You could also limit the number of IP addresses your router has available. If you have 2 devices connected via wifi, then perhaps you only allow 2 IP address assignments in the DHCP settings. Just know that if you want to add a device later, this number will need to be increased.
If you are using wireless on any device your MAC address is out there for anyone to find, regardless of it you are connected to someone else's network, your own, or even none at all.
When wireless is enabled (just enabled, not necessarily connected to a network) it is constantly sending out packets. These packets have your MAC address in plain text (not encrypted) for all to see. All someone has to do is install wireless sniffing tools to see every device's mac address within range of their wireless adapter.

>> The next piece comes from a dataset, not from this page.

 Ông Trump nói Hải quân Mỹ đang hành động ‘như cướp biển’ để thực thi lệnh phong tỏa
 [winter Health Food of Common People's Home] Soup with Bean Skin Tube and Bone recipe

In fact, you can actually track people with this method if you really wanted to. For example, if I know the MAC address of my neighbors phone (which I could easily figure out) I could actually set up a computer that would watch for his MAC address and actually log when he leaves home (goes out of range) and when he gets home (back in range). Because people almost always keep their phone on them I would actually know at all times if my neighbor is home. Scary stuff. Some stores like Walmart actually do this same thing to track when you are in the store.
As for him being able to hack your network because he knows your mac address.... not possible. Well, as long as you are not being stupid and using MAC based security. Some routers allow you to have no password on your Wifi and "secure" it by only allowing certain mac addresses. MAC addresses can easily be spoofed, so this is not secure. As long as you are using WPA2 security, you are fine.
To address the response you got from wimiadmin, the suggestion about limiting your DHCP to a certain # of addresses is useless. Even if the router doesn't give an address via DHCP, anyone can define a static IP that they want to use.
Also, hiding your SSID is pointless as well. Wireless sniffers can see hidden SSIDs. If someone is smart enough to attempt to hack into your network, hiding your SSID is just going to make them laugh to themselves as they easily figure it out in 5 seconds.
Jeremy, you're correct in saying that someone could simply assign a static IP to their device and get on the network. But they have to see the network in order to know the IP ranges. It's pretty simple to guess most home networks use 192.168.1.x with a subnet of 255.255.255.0 and a gateway of 192.168.1.1. However, I disagree that hiding the SSID is pointless. If someone is war driving, you're right, it is useless to hide the SSID however, if belboy is only worried about his neighbors connecting to his network, then hiding the SSID might be beneficial especially since we don't know how much knowledge the neighbor has about wireless networks. And if there are other visible wifi networks in the area, the neighbor would probably attempt to connect to those first over searching for hidden networks.